Data section:
>>>
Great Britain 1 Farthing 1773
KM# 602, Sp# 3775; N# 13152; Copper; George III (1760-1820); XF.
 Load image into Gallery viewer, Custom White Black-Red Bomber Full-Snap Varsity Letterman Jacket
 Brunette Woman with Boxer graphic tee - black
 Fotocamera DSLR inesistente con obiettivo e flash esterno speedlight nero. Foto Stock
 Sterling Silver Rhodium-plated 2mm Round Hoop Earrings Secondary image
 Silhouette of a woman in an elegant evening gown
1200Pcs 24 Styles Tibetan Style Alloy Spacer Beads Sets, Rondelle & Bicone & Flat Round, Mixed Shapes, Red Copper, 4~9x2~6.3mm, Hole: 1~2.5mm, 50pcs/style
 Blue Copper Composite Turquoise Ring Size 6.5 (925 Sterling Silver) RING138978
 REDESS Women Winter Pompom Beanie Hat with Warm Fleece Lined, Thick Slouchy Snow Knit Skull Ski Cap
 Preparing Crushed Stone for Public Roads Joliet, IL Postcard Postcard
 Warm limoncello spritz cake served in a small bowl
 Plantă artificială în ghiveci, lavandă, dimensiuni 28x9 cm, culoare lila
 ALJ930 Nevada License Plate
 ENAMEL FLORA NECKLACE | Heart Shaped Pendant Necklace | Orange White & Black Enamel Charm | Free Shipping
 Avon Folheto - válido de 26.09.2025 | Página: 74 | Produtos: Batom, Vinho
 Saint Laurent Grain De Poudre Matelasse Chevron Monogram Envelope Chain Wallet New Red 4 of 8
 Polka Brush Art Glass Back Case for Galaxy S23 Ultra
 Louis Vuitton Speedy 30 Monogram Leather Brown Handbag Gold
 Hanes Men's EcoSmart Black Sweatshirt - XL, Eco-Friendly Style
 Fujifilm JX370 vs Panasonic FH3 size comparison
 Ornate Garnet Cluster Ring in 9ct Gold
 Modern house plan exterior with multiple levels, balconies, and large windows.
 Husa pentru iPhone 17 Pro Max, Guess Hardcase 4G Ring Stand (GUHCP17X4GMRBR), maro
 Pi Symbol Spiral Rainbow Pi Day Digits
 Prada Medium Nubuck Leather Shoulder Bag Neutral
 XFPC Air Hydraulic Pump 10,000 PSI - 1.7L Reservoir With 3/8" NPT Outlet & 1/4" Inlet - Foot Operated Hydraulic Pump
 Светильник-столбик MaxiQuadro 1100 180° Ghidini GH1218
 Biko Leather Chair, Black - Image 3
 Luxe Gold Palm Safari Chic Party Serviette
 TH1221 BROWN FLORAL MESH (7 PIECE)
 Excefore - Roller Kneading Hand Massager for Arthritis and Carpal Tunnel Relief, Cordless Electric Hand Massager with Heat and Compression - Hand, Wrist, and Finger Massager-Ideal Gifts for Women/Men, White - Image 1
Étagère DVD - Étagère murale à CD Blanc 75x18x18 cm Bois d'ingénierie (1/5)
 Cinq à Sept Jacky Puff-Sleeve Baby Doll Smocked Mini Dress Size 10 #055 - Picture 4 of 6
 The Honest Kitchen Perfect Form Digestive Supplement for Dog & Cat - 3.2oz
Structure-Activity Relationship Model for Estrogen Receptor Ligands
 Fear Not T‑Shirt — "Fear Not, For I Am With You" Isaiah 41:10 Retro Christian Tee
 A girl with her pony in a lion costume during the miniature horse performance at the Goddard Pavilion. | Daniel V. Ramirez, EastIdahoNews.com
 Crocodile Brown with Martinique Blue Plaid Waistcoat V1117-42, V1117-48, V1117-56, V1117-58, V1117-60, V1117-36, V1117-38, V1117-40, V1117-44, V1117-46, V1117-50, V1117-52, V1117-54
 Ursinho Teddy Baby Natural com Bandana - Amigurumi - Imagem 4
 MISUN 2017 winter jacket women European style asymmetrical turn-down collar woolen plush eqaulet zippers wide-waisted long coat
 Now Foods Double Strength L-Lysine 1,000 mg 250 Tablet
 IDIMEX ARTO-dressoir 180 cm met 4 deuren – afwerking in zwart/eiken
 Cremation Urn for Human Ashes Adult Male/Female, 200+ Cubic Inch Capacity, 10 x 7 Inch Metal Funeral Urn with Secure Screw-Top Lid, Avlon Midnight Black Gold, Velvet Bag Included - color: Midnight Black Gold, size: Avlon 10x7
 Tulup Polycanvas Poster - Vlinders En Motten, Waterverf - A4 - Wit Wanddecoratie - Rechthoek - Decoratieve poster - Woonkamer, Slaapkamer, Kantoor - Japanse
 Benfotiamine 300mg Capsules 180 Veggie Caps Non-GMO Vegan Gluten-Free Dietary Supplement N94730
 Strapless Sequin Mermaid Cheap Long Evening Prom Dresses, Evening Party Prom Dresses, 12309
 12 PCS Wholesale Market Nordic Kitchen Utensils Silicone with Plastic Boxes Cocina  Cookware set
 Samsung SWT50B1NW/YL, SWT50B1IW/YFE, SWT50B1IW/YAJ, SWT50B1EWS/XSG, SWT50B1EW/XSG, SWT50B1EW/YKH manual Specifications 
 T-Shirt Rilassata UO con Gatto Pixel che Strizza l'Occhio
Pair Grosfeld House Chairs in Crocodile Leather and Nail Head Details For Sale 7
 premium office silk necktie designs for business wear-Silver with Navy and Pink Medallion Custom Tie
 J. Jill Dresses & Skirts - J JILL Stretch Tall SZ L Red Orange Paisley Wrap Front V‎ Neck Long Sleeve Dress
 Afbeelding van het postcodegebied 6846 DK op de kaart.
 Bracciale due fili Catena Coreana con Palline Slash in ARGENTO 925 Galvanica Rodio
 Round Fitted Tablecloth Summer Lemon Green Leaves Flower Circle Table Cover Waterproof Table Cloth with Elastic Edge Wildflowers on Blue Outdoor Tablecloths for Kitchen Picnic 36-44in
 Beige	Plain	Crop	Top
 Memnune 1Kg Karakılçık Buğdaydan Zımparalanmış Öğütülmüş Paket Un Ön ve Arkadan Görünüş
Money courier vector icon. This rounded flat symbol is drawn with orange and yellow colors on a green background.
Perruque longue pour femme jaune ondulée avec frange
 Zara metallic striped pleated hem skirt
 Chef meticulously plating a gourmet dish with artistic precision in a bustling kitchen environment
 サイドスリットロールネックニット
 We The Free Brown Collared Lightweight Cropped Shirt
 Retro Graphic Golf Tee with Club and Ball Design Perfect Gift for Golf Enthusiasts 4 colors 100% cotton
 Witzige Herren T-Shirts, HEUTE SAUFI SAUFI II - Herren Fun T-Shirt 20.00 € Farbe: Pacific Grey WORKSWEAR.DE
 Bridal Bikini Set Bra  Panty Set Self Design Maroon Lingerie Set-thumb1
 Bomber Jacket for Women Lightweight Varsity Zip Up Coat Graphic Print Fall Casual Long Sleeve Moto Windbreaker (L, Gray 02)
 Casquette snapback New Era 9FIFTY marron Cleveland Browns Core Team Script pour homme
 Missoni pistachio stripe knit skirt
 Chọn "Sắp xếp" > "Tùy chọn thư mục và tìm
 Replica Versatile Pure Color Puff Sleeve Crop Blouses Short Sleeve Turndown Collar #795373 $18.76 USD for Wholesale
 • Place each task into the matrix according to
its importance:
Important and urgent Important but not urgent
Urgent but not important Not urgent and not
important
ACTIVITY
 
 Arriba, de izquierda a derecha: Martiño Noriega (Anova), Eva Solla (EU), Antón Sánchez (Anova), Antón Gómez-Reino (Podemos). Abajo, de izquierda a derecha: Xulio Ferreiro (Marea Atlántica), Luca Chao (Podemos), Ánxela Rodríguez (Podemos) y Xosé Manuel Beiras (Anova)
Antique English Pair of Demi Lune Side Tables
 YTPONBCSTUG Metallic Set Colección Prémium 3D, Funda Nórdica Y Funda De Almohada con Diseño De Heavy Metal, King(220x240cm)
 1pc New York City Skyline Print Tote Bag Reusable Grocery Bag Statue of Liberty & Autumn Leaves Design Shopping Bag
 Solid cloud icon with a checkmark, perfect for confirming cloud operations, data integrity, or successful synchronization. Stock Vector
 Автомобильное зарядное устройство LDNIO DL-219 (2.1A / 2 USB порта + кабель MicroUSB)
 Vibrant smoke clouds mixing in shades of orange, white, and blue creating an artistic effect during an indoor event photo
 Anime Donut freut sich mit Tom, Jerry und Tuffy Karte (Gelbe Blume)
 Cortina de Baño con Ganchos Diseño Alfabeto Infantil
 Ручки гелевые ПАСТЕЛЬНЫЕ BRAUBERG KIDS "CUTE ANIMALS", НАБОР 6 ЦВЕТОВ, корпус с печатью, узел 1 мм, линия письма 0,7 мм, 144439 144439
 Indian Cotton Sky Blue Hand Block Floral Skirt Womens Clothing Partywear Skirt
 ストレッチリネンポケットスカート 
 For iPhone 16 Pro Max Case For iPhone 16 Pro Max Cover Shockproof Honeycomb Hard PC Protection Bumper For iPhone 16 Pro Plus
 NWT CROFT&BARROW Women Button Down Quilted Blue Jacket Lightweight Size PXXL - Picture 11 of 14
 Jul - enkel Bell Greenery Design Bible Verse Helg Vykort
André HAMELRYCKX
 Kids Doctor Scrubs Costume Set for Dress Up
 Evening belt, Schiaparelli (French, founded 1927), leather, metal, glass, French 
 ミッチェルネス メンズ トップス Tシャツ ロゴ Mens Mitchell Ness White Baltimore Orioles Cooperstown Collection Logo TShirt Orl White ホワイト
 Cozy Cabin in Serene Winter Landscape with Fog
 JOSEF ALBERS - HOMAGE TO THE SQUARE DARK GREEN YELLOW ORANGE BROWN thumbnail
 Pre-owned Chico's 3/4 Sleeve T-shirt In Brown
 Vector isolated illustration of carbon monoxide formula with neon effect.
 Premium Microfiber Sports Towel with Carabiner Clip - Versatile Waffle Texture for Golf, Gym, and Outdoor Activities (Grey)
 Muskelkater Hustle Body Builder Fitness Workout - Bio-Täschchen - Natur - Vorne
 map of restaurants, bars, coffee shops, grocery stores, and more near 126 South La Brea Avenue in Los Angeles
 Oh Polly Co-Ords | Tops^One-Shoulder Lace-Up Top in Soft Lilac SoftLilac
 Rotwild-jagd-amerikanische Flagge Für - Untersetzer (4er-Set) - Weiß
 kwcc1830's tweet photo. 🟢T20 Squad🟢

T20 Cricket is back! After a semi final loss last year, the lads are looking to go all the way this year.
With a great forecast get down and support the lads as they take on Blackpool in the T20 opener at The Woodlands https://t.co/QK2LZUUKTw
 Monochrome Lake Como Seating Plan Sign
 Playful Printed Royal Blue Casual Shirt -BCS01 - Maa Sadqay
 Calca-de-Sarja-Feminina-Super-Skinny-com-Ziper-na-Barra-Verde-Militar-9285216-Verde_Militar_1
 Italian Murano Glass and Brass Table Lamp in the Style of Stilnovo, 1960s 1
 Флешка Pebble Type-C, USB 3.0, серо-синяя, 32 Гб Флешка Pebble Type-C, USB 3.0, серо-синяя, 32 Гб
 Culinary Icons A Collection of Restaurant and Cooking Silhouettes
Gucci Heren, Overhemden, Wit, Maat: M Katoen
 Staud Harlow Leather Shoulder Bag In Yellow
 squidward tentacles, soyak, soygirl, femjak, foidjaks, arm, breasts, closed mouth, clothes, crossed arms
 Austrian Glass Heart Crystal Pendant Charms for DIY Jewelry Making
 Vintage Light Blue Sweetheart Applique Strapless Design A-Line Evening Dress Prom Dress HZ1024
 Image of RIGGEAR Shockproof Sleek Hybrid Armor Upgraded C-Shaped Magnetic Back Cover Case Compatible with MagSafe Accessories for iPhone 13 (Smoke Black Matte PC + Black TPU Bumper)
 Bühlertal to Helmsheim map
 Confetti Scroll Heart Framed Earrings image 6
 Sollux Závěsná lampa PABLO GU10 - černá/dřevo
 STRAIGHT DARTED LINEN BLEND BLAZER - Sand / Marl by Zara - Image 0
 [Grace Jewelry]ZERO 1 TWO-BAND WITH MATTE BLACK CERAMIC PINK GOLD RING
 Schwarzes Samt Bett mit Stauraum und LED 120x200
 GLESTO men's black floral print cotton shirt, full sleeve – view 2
<<<
Exercise aim: Everything above from the line containing "A girl with" down to the line containing "Afbeelding van het" is to be transcribed exactly, with both of those lines included and nothing else added.

Task output:
 A girl with her pony in a lion costume during the miniature horse performance at the Goddard Pavilion. | Daniel V. Ramirez, EastIdahoNews.com
 Crocodile Brown with Martinique Blue Plaid Waistcoat V1117-42, V1117-48, V1117-56, V1117-58, V1117-60, V1117-36, V1117-38, V1117-40, V1117-44, V1117-46, V1117-50, V1117-52, V1117-54
 Ursinho Teddy Baby Natural com Bandana - Amigurumi - Imagem 4
 MISUN 2017 winter jacket women European style asymmetrical turn-down collar woolen plush eqaulet zippers wide-waisted long coat
 Now Foods Double Strength L-Lysine 1,000 mg 250 Tablet
 IDIMEX ARTO-dressoir 180 cm met 4 deuren – afwerking in zwart/eiken
 Cremation Urn for Human Ashes Adult Male/Female, 200+ Cubic Inch Capacity, 10 x 7 Inch Metal Funeral Urn with Secure Screw-Top Lid, Avlon Midnight Black Gold, Velvet Bag Included - color: Midnight Black Gold, size: Avlon 10x7
 Tulup Polycanvas Poster - Vlinders En Motten, Waterverf - A4 - Wit Wanddecoratie - Rechthoek - Decoratieve poster - Woonkamer, Slaapkamer, Kantoor - Japanse
 Benfotiamine 300mg Capsules 180 Veggie Caps Non-GMO Vegan Gluten-Free Dietary Supplement N94730
 Strapless Sequin Mermaid Cheap Long Evening Prom Dresses, Evening Party Prom Dresses, 12309
 12 PCS Wholesale Market Nordic Kitchen Utensils Silicone with Plastic Boxes Cocina  Cookware set
 Samsung SWT50B1NW/YL, SWT50B1IW/YFE, SWT50B1IW/YAJ, SWT50B1EWS/XSG, SWT50B1EW/XSG, SWT50B1EW/YKH manual Specifications 
 T-Shirt Rilassata UO con Gatto Pixel che Strizza l'Occhio
Pair Grosfeld House Chairs in Crocodile Leather and Nail Head Details For Sale 7
 premium office silk necktie designs for business wear-Silver with Navy and Pink Medallion Custom Tie
 J. Jill Dresses & Skirts - J JILL Stretch Tall SZ L Red Orange Paisley Wrap Front V‎ Neck Long Sleeve Dress
 Afbeelding van het postcodegebied 6846 DK op de kaart.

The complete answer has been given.